Dominions 3: The Awakening is a must-have game for any community of strategy gamers, offering a deep turn-based multiplayer strategy experience. If you haven't experienced a Dominions game, Dominions 3 makes turn-based multiplayer strategy games even more necessary to play. The question is, if you've already committed to Dominions II, is it worth upgrading to the latest version of this franchise?
A serious problem with Dominions II was the lack of a tutorial. The inability to figure out the vagaries of a strategically bottomless (really deep) and almost infinitely complex game alienated a lot of players. Some couldn't even figure out how to start a game. Had Bruce Geryk (at the time, unlreated to the game) not stepped up and posted a tutorial for the game himself, it's hard to imagine that Dominions II would have caught on as well as it did. That tutorial became ubiquitous among Dominions II players. It's equally true that the Dominions II manual was an incomplete and poorly organized tome of information.
Dominions 3 rectified the situation by engaging Bruce Geryk to write the game's manual, including a tutorial. This effort has made the game far more accessible to new players, and has clarified many of the game's mechanics for experienced players. The manual makes many of the game's underlying rules transparent, and because of the game's complexity, understanding only enhances the experience. This isn't a rock/paper/scissors game in which min/max players can easily develop optimal strategies. With so many variations, every strategy has a counter (and sometimes many). Certainly, there are strong gambits, but number crunching will only get you so far.

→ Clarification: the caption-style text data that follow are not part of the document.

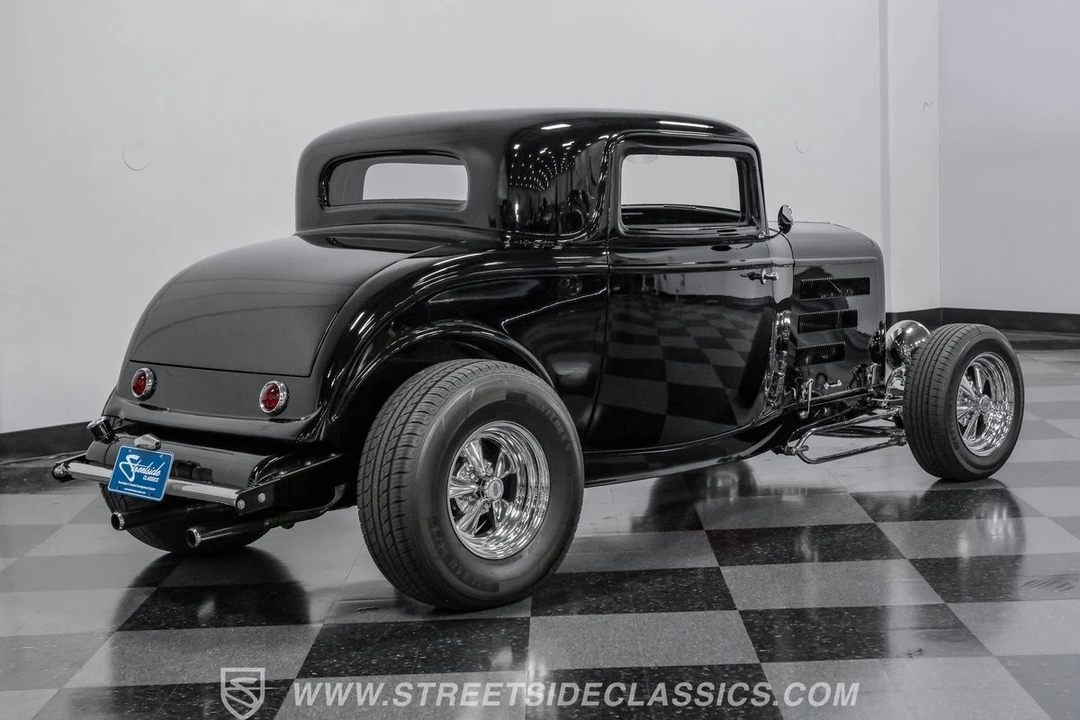 1932 Ford Model 18 & 40 - Image 11 of 21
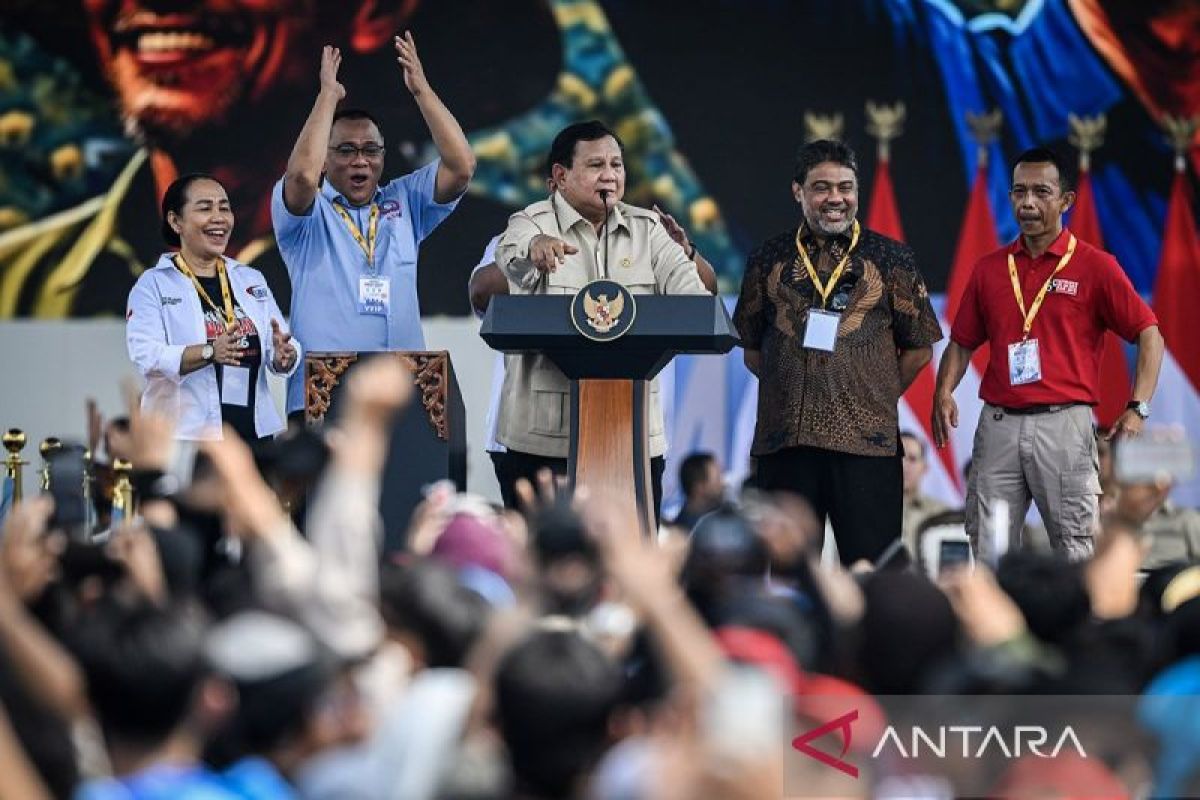 Politics of the Week: Cabinet Reshuffle to International Labour Day
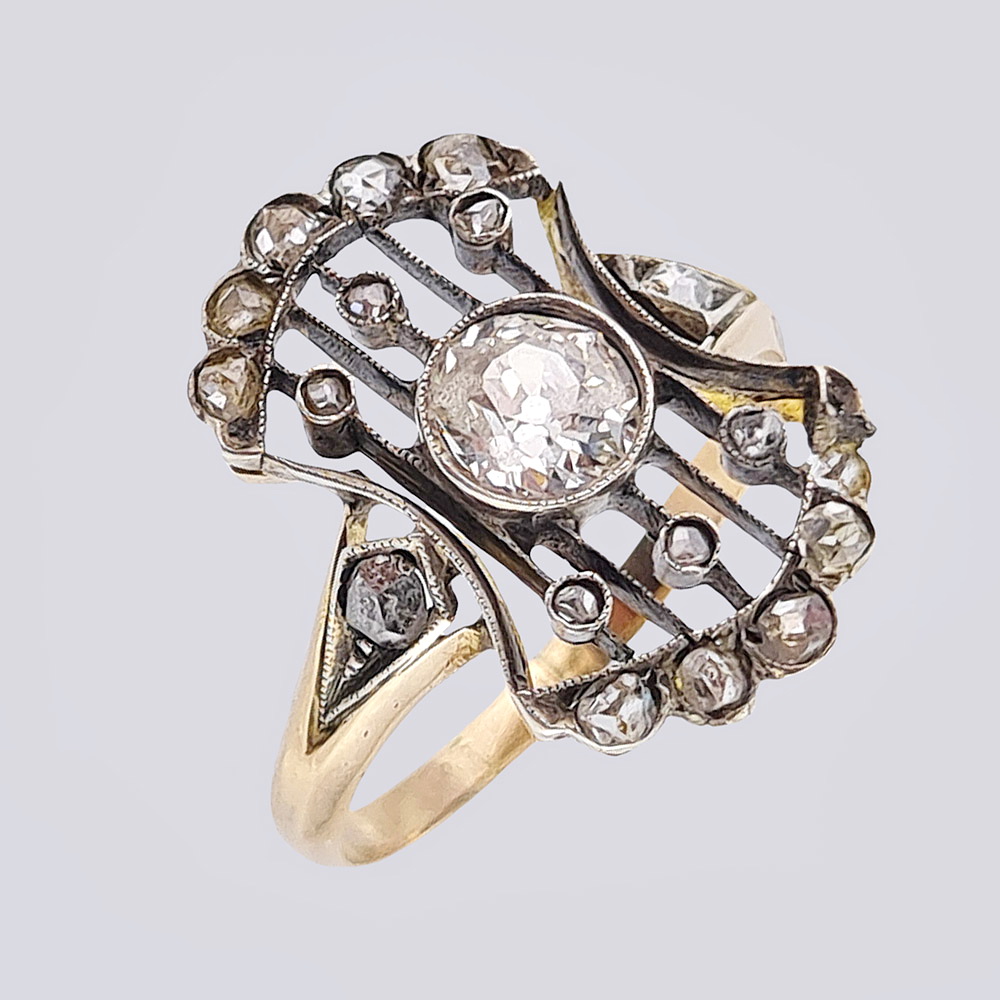 Антикварное кольцо второй половины XIX века с бриллиантом и алмазами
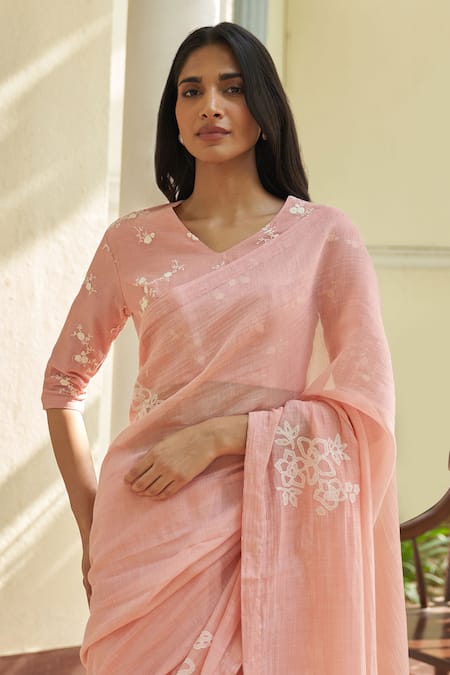 Vaayu_Pink Muslin, Cotton Applique Tulip Saree With Unstitched Blouse Piece _Online_at_Aza_Fashions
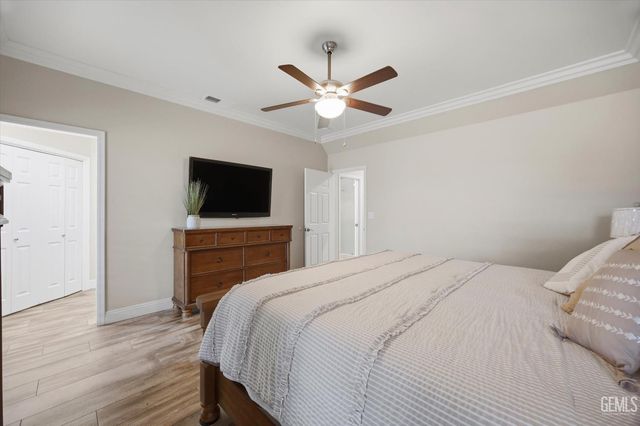 1328 Valov Lane, Bakersfield, CA 93314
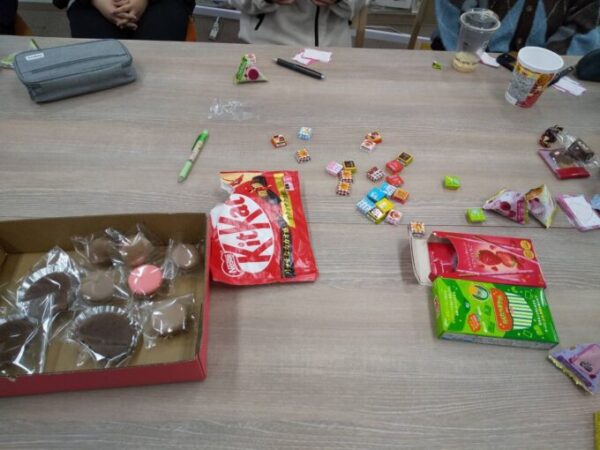 れっつお菓子パーティー☆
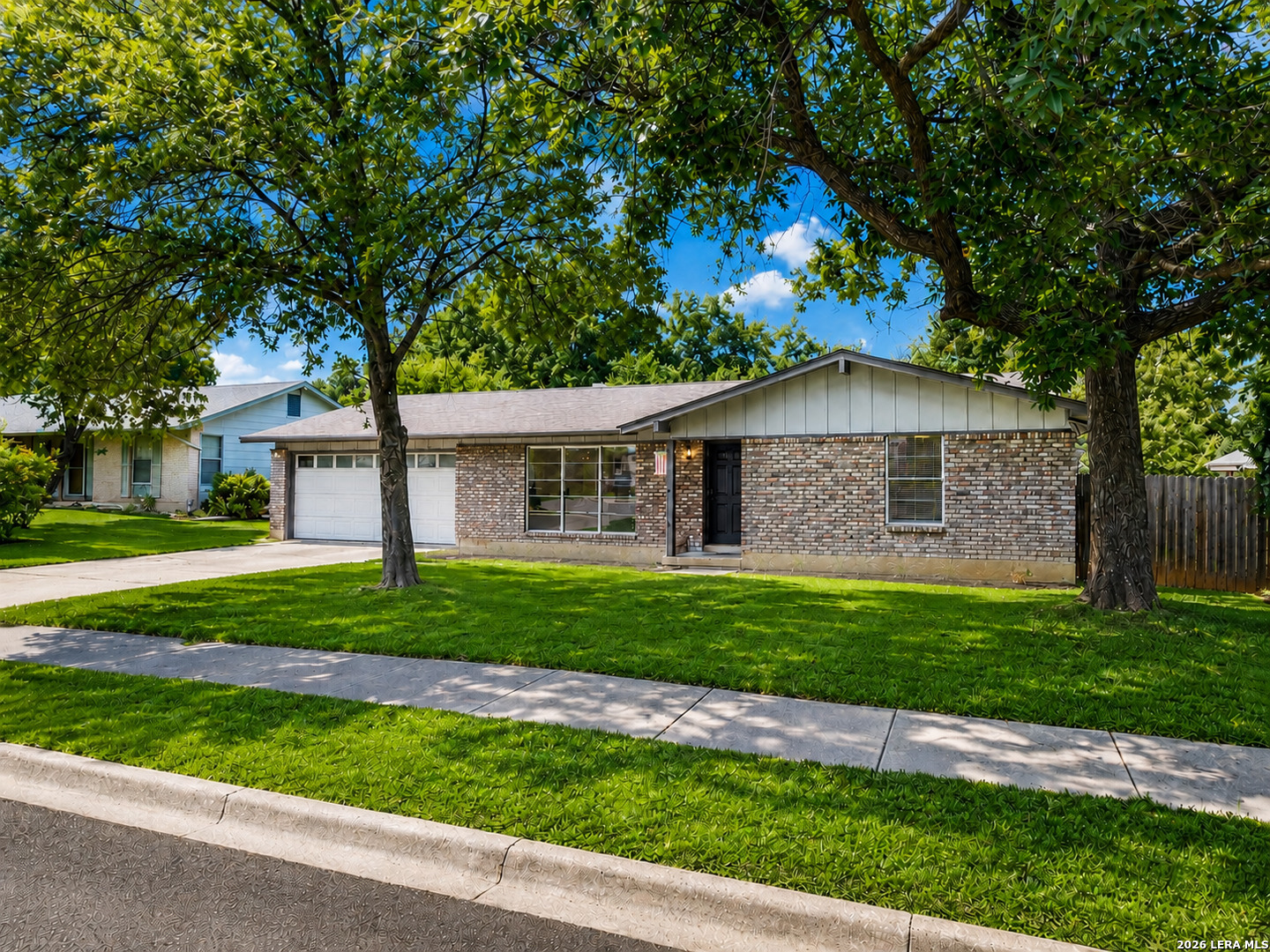 6237 Dove Hill Drive San Antonio TX 78238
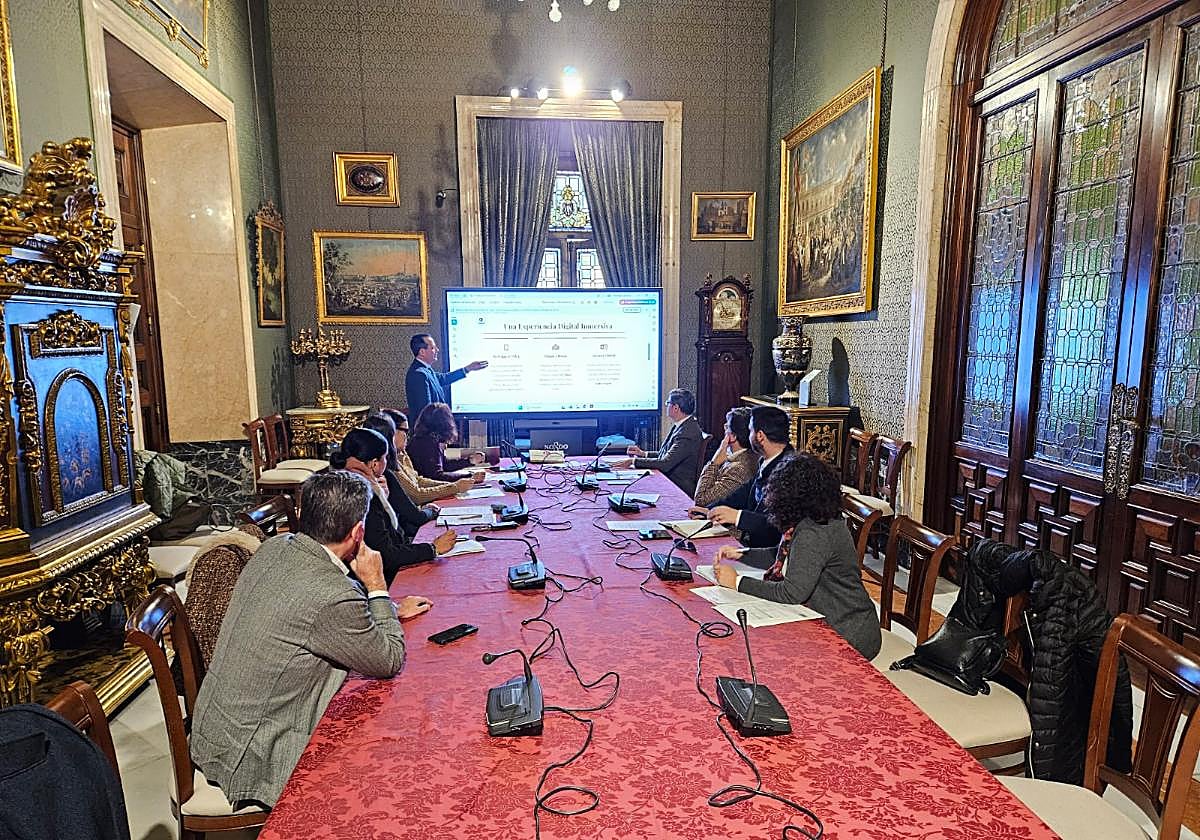 Imagen debatiendo sobre los negocios en el Ayuntamiento de Sevilla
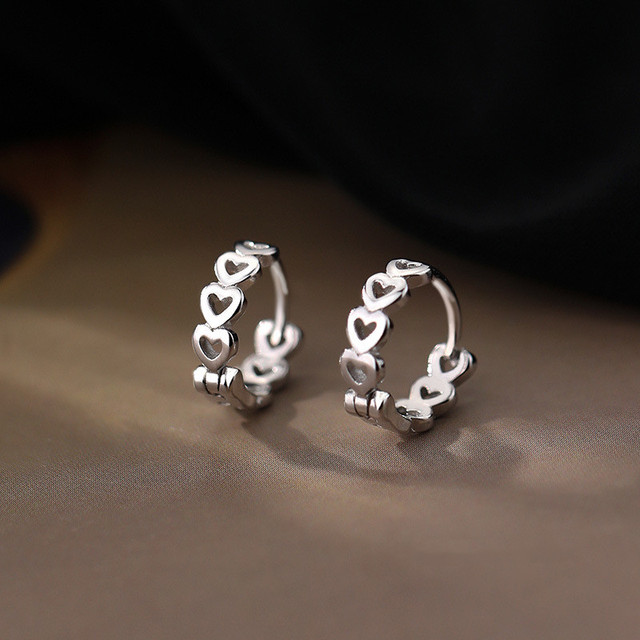 Kolczyki w kształcie serca z wytłoczeniami, wykonane z 925 srebra - trendy i stylowe dla kobiet - Wianko - 11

The tutorial, however, was a missed opportunity. Just like Geryk's last impromptu effort, the tutorial is a text file (also found on pages 7-26 of the manual) tied to a saved game. Integrating the tutorial into the game would have gone a long way toward bringing the franchise solidly into the current century, and helped new players make another tentative step forward a bit more easily. The existing tutorial is far better than none whatsoever, but could have been better implemented.
The incredible variety in gambits is the game's strength, and what makes it so fascinating as a multiplayer experience. But with such complexity, a lot of balance issues remained in Dominions II. The greatest strength of Dominions 3 lies in its many tweaks to make game strategies and effects more even-handed. Some strategies that were simply overpowered have been brought into balance, and even more counters have been added into the mix. For example, there are lots of new ways to deal with demons and blood magic, mages now need more skill to farm pearls, and it's harder to emerge victorious using only a few powerful beings dressed to the nines in magic items.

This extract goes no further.